I still talk to clubs who are concerned about the costs as they see direct debit as just being an additional burden to the club finances. Yes, there will be a cost, however once we start to discuss the benefits of collection via direct debit with the club they soon start to see this as a positive not a negative.
So let’s talk about costs. As with everything you need to shop around and clubs must look to minimise the fees. Lets take two examples:
- Club 1 – 120 members paying an average of £85 p.a. Club collects £10,200 p.a.
- Club 2 – 300 members paying an average of £70 p.a. Club collects £21,000 p.a.
You can pay as little as 1% in fees. So in the above two examples you could pay as little as:
- Club 1 – £102p.a. fees (PayPal fees for equivalent would be approx £371)
- Club 2 – £210 p.a. fees (PayPal fees for equivalent would be approx £764)
Now some may see £210 as significant when clubs are being managed on a tight shoestring, So what are the positives that may persuade them otherwise?
- Reduction in costs if already using PayPal or similar
- Improved cash flow for the club (knowing when your money will be received and how much you will receive each month)
- Reduction in debt / non-payment of fees (combined with a strong member database package there is real time visibility of debtors)

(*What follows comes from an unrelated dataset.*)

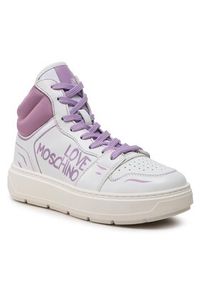 Love Moschino - LOVE MOSCHINO Sneakersy JA15264G1GIAA10C Biały. Kolor: biały. Materiał: skóra #5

- The ability to collect pro-rata fees from new members from the day they join the club (for some clubs this improves revenue where in the past they may have just charged half year fees or let people off fees if they joined late in the season)
- A transparent charging system (club management can view reports and records of payment, categories etc to ensure all are paying the correct fees)
- Less time commitment from managers, team captains and committee members (in chasing fees, banking money, maintaining paper records etc.)
Reducing debt and improving collection of pro-rata fees from new members both combine to help increase revenue for the club and unless you currently have the most robust systems in place will almost certainly mean you easily recoup your costs.
If this isn’t enough to persuade them you can always consider how you could recoup this fee from the members. If you charge a £1 surcharge to pay by direct debit to each member in the above example for Club 2 you have now made £300 in surcharges, covering the £210 fees with some to spare. How would a member react to a £1 annual surcharge for the benefit of paying by direct debit? I doubt they would raise an eyebrow to that.
Consider taking this further. Would you like your club to operate within a cash free environment? No more collecting training fees, match fees, kit purchase payments in cash or by cheque from members. No more paying out cash for mileage expenses, refreshment purchases, coaching and officiating expenses.
There is now a system which allows you to charge and credit members accounts and collect one monthly payment by direct debit. This is the ultimate in club management but arguably the way forward for us all.
Today may be the day that you decide to bring your club into the 21st Century and introduce direct debits as your new payment option. Today could be the day you change the way you manage your club forever.